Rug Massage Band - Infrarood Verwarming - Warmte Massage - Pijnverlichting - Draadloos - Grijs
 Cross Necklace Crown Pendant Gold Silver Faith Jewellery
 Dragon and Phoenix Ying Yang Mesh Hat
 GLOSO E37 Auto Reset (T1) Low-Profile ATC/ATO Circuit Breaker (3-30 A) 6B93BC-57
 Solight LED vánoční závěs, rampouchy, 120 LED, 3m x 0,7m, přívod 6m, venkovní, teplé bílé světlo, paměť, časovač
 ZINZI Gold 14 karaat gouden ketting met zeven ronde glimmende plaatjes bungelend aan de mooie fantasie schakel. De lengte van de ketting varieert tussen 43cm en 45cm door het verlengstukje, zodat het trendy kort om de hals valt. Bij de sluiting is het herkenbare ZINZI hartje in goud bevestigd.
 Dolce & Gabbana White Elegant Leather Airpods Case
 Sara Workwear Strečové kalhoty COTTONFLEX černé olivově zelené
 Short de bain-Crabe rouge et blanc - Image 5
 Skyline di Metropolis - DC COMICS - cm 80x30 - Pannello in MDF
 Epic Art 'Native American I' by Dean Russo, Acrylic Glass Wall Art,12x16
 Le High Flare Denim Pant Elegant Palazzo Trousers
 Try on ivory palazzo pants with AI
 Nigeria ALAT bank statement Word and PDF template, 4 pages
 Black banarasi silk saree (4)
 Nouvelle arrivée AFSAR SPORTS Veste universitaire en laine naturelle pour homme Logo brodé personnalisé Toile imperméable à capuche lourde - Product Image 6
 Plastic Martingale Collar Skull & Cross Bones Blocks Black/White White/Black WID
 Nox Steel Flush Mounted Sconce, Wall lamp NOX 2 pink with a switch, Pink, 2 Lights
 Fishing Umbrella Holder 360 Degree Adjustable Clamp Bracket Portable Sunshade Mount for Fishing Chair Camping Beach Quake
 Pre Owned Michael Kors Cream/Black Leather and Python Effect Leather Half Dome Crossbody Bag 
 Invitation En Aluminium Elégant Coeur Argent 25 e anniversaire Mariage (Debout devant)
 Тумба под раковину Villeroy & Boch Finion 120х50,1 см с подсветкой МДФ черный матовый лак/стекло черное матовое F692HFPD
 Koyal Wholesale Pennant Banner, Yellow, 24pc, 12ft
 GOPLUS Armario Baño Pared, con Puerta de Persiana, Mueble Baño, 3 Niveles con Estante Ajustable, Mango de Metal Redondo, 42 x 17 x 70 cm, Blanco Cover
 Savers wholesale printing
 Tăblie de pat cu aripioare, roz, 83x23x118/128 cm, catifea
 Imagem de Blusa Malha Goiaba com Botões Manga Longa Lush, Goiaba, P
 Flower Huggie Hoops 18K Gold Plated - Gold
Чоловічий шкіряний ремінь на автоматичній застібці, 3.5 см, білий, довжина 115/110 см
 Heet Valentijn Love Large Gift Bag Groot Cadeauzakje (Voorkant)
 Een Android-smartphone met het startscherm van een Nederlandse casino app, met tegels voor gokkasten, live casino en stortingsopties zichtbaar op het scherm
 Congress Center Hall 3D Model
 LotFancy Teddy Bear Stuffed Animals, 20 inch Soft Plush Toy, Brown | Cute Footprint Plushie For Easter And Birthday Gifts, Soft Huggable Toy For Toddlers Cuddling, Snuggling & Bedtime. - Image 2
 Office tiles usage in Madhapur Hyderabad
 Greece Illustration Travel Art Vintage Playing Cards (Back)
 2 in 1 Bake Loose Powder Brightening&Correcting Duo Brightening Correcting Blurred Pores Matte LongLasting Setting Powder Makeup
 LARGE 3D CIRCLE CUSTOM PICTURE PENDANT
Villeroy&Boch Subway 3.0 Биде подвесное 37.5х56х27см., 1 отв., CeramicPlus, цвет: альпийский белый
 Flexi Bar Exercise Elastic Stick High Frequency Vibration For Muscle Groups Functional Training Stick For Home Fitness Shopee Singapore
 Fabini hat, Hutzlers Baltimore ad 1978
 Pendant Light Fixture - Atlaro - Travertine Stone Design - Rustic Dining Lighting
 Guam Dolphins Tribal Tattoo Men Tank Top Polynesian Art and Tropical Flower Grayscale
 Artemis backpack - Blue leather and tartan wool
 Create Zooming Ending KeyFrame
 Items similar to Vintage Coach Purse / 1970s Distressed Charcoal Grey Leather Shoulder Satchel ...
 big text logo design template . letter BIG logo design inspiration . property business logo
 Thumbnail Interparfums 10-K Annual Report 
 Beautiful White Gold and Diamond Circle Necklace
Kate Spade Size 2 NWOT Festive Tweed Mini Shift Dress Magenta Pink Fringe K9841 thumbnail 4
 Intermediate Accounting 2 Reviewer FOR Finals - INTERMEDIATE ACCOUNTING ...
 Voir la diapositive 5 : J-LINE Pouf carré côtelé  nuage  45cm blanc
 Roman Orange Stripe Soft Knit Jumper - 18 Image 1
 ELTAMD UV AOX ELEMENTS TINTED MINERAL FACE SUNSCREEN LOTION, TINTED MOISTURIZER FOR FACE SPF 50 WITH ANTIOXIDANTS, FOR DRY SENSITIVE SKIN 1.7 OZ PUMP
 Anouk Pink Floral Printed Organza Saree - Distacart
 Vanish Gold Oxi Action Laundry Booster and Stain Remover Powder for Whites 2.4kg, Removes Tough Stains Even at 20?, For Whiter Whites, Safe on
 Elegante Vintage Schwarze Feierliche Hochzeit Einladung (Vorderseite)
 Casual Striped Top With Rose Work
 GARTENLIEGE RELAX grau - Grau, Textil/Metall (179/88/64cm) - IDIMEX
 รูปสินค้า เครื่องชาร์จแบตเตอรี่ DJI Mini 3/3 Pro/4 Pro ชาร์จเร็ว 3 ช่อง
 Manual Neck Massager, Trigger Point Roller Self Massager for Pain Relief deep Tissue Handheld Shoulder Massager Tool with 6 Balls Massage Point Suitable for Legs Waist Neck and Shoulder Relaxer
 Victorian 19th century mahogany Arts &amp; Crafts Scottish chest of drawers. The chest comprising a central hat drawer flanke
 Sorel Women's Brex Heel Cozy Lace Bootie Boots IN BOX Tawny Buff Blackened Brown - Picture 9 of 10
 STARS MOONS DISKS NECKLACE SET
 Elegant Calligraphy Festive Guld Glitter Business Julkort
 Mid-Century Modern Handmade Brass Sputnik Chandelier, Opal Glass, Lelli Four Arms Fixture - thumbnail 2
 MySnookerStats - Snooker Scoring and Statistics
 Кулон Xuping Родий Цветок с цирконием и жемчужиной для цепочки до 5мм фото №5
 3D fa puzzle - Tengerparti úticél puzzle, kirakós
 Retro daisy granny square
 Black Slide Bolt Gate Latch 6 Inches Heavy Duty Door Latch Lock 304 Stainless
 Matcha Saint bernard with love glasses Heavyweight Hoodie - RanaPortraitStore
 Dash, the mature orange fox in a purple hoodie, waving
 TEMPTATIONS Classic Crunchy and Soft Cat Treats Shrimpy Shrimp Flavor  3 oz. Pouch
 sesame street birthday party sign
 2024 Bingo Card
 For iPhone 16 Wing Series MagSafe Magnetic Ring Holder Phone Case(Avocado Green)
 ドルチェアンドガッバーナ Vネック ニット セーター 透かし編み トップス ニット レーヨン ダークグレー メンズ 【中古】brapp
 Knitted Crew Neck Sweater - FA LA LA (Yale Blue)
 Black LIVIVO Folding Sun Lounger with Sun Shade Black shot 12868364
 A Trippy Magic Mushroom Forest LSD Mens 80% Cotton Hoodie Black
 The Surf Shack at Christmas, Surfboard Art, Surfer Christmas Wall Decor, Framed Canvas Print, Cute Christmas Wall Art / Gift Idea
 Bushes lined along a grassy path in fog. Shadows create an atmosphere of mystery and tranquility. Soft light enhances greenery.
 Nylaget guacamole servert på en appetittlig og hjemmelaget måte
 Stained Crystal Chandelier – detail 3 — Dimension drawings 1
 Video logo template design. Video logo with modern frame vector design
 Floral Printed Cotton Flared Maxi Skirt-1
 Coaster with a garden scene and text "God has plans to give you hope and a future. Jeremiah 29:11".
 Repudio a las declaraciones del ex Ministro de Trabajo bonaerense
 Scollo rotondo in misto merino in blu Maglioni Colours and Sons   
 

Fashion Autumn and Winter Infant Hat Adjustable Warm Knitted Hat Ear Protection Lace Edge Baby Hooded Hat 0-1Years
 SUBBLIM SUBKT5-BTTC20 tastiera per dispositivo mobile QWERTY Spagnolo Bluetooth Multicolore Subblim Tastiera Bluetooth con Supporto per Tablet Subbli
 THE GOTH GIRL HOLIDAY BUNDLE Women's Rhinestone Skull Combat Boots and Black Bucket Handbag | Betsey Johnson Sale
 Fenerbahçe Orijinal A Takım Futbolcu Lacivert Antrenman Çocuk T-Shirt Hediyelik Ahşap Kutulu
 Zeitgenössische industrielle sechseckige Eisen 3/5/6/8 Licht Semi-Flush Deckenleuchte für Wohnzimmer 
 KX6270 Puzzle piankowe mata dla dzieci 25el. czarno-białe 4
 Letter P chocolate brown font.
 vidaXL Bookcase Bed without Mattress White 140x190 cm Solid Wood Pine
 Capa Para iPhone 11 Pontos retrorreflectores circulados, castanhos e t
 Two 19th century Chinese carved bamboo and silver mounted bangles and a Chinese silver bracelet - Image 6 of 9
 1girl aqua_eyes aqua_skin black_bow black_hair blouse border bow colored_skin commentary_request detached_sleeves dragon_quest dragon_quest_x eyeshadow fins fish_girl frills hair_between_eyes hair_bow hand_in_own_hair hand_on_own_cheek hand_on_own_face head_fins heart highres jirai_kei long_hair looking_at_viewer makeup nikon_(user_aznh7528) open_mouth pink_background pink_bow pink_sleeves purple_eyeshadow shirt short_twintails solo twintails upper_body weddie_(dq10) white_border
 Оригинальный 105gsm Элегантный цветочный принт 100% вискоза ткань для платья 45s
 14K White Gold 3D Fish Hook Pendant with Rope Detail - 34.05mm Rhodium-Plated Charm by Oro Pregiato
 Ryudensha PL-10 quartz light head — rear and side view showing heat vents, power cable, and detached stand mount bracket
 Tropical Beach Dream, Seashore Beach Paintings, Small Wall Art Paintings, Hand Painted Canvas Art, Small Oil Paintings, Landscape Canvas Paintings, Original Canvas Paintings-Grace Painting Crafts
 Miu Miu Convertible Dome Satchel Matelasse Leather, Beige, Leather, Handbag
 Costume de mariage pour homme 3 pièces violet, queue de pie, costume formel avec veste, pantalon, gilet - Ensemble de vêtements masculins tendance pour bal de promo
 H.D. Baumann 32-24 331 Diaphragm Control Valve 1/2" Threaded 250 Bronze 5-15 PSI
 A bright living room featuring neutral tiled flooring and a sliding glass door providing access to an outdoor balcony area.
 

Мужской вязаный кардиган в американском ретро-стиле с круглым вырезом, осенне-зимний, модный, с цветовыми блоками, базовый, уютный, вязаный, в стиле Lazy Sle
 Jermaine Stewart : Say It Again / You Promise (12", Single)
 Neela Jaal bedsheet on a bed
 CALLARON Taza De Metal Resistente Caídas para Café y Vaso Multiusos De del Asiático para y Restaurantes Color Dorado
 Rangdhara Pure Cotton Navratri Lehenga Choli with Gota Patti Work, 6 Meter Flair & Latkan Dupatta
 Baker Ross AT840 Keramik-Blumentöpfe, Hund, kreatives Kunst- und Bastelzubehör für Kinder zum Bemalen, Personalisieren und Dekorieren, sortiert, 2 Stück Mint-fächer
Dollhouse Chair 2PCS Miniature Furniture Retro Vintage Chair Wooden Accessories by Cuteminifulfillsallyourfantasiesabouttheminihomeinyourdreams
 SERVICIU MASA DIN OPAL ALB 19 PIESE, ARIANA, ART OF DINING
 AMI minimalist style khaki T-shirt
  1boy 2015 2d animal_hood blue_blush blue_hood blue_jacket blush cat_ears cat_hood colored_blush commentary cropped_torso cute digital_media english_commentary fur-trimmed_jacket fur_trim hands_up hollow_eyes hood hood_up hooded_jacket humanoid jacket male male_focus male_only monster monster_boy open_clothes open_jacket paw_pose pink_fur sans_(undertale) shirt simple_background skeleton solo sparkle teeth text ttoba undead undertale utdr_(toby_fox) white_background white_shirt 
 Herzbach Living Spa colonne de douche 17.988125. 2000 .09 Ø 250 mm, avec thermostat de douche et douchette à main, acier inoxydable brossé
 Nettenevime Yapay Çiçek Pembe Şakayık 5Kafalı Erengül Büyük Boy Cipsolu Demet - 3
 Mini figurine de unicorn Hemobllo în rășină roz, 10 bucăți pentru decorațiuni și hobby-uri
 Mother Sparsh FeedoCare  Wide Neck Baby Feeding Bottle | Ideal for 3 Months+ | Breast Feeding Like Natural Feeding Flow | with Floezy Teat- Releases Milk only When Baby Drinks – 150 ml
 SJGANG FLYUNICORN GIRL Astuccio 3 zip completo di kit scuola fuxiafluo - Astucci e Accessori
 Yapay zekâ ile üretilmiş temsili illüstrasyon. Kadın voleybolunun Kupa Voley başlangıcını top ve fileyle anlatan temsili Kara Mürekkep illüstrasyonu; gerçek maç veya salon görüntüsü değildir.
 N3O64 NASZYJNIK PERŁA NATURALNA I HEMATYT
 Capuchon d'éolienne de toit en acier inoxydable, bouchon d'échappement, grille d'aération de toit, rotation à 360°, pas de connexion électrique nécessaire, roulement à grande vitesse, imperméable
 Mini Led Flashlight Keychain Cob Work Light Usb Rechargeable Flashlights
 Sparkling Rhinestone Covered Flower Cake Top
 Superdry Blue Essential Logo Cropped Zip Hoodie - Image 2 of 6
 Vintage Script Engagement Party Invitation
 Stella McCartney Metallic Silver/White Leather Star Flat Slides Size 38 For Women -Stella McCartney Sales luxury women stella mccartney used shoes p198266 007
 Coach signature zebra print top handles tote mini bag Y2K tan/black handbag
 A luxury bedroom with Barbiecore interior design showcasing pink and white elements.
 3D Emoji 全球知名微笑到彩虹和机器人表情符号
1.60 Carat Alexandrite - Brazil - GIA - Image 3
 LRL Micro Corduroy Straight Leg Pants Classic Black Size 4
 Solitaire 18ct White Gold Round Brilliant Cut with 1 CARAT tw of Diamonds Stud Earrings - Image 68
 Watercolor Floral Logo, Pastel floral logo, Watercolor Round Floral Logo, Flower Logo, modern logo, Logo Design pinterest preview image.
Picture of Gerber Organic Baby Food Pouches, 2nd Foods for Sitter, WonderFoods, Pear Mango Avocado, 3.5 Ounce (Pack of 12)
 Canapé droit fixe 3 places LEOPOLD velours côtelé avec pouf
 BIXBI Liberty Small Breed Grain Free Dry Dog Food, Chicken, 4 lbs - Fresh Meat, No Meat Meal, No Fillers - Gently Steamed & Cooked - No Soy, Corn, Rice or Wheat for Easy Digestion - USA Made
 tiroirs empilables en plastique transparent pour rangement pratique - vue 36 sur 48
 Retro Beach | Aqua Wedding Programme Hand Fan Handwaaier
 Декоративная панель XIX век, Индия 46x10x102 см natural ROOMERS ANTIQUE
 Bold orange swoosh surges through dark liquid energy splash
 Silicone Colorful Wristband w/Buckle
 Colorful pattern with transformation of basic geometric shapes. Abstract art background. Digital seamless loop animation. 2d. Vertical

The problem:
In the entries above, the lines from the one bearing "CALLARON Taza De" up to and including the one bearing "SERVICIU MASA DIN" should be transcribed exactly; no other line is wanted.

Result below:
 CALLARON Taza De Metal Resistente Caídas para Café y Vaso Multiusos De del Asiático para y Restaurantes Color Dorado
 Rangdhara Pure Cotton Navratri Lehenga Choli with Gota Patti Work, 6 Meter Flair & Latkan Dupatta
 Baker Ross AT840 Keramik-Blumentöpfe, Hund, kreatives Kunst- und Bastelzubehör für Kinder zum Bemalen, Personalisieren und Dekorieren, sortiert, 2 Stück Mint-fächer
Dollhouse Chair 2PCS Miniature Furniture Retro Vintage Chair Wooden Accessories by Cuteminifulfillsallyourfantasiesabouttheminihomeinyourdreams
 SERVICIU MASA DIN OPAL ALB 19 PIESE, ARIANA, ART OF DINING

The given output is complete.